Wie Lebkuchenteig, erzählt der Platzwart, schmecke die Mischung aus Ziegelsplitt und Bindemittel, die unter dem roten Ziegelmehl in der Stuttgarter Arena liegt. Andrea Petkovic dürfte sich auf die besondere Geschmacksnote freuen, wenn sie am Montagabend beim wichtigsten Tennisturnier in Deutschland erstmals im Training den Court betreten wird. Sie hat seit ihrem Sieg am Sonntag im rumänischen Cluj eine besondere Vorliebe für das Aroma von rotem Tennissand entwickelt.
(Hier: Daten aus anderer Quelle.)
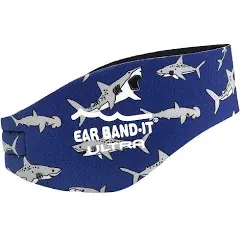 EAR BAND-IT Ultra Swimming Headband - Best Swimmer's Headband - Keep Water Out, Hold Earplugs in - Doctor Recommended - Secure Ear Plugs - Invented by ENT Physician - Medium (See Size Chart)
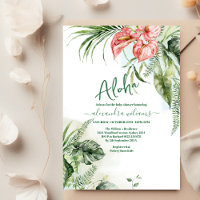 Baby shower tropical à fleurs Aloha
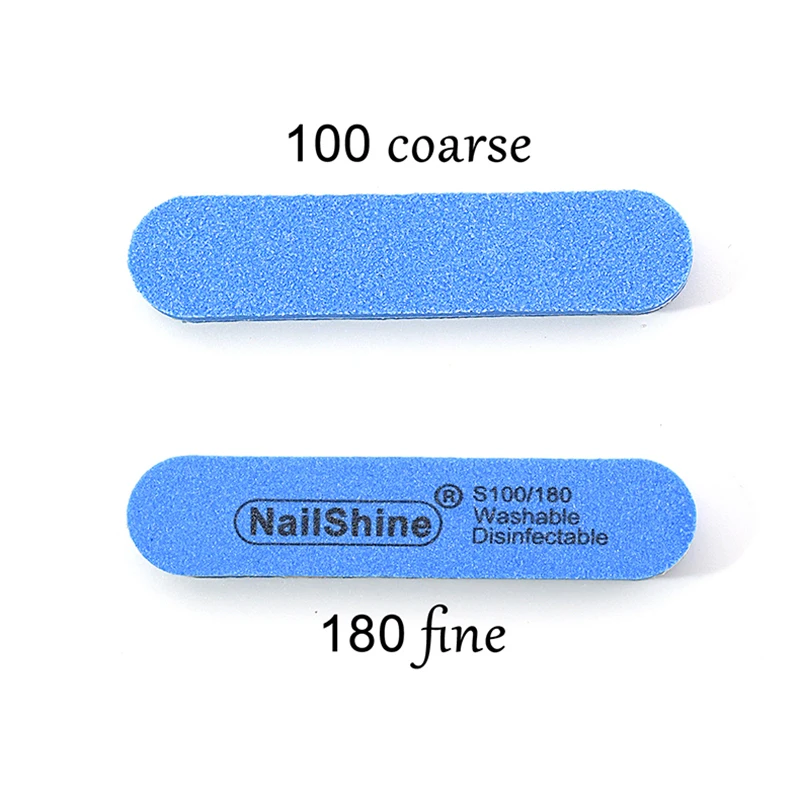 5/10Pcs Nail Manicure Tools Colorful Professional Sanding Files 100 180 Double-Sided Nail Sandpaper Buffer Polishing Accessories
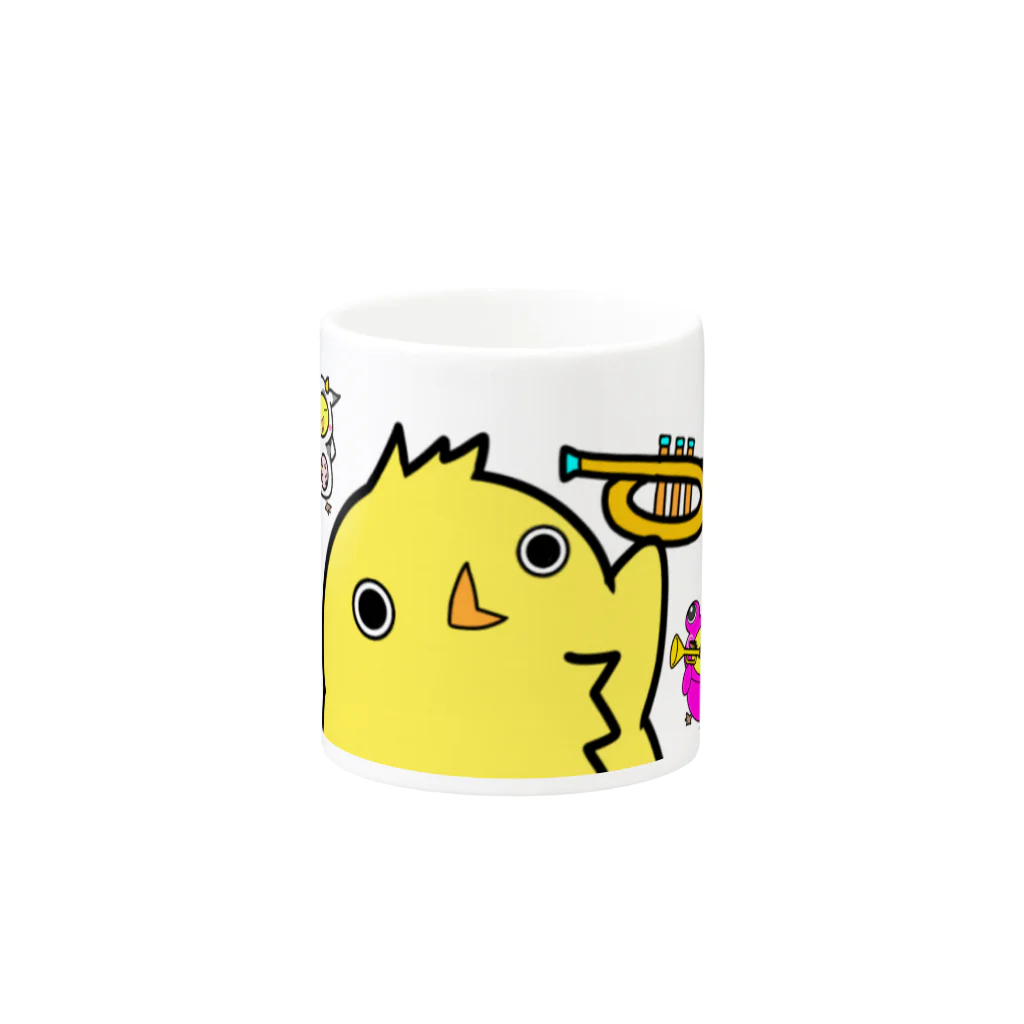 ジャイアント swing おーけすとら 【ノリやんのSHOP】のオールスター Mug :other side of the handle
Nachdem die 28-Jährige für die deutsche Fed-Cup-Mannschaft im Abstiegsduell den entscheidenden dritten Punkt gegen Monica Niculescu gewonnen hatte, ließ sie sich auf den Boden fallen und drückte ihre Lippen auf den Sand. Ob der Kuss mundete? "Ein Hauch von Walnuss mit einer Spur Schokolade und ein bisschen Champagner-Prickeln am Ende", sagte Petkovic.
Die Darmstädterin war ganz bei sich, als sie gegen Niculescu im dritten Satz den Matchball zum 0:6, 7:6 (7:1) und 6:3 verwandelte, mit dem sie der deutschen Mannschaft den Klassenverbleib in der Gruppe der besten acht Tennisnationen sicherte. Sie bewegt sich gerne auf großer Bühne, sie liebt den öffentlichen Auftritt, wenn alle Kameras, Mikrofone und Augen auf sie gerichtet sind. "Heute den entscheidenden Punkt zu holen, war mir sehr wichtig", sagte Petkovic und klang sehr aufrichtig. Ihre Karriere ist längst an einem Punkt angekommen, der in eine Sackgasse münden könnte, ohne jeden Ausweg zurück. Der Sieg tat ihr gut.
Manchmal beflügelt ihre "innerliche Zerrissenheit", manchmal hemmt sie
In dieser Saison sollte ja für sie alles anders werden, besser. Mit einem neuen Trainer und neuer Zuversicht wollte sie ihr Spiel wieder auf ein Niveau hieven, das sie schon zweimal in die Top Ten und sogar ins Halbfinale der French Open gebracht hatte. Hinter ihr lag ein Jahr voller beruflicher und privater Enttäuschungen. Sie haderte mit sich und ihrem Leben so sehr, dass sie im November öffentlich erklärt hatte, die Profitour für immer verlassen zu wollen.
Erst nach einem gemeinsamen Ausflug mit ihrer besten Freundin nach New York samt Museumsbesuchen und Nachtleben in schäbigen Pubs spürte sie, wie Lebensfreude und die Lust auf Tennis allmählich wieder zurückkehrten. Petkovic macht es sich und den anderen nicht immer einfach. Sie sei "innerlich zerrissen", hat sie einmal erklärt. Sie sei ein Mensch, der zu viel über sich und sein Leben nachdenke. Diese Ambivalenz ihrer Persönlichkeit kann manchmal sehr gedeihlich sein, auf dem Tennisplatz lenkt sie aber meistens vom Wesentlichen ab.
Zunächst auch am Sonntag gegen Niculescu. Angelique Kerber hatte die deutsche Mannschaft nach ihrem Sieg gegen Rumäniens Nummer eins, Simona Halep, mit 2:1 in Führung gebracht. Die Australian-Open-Siegerin spielte mutig und zeigte, dass sie die körperlichen und mentalen Strapazen nach ihrem überraschenden Triumph in Melbourne auf und abseits des Platzes überwunden hat. Es lag also an Petkovic, den entscheidenden dritten Punkt für den Klassenverbleib zu holen. Denn ein Abstieg aus der Weltgruppe hätte das deutsche Frauentennis nach den erfreulichen Nachrichten in der öffentlichen Wahrnehmung wieder stark zurückgeworfen und den angestrebten dritten deutschen Fed-Cup-Sieg erst wieder im Jahr 2018 ermöglicht.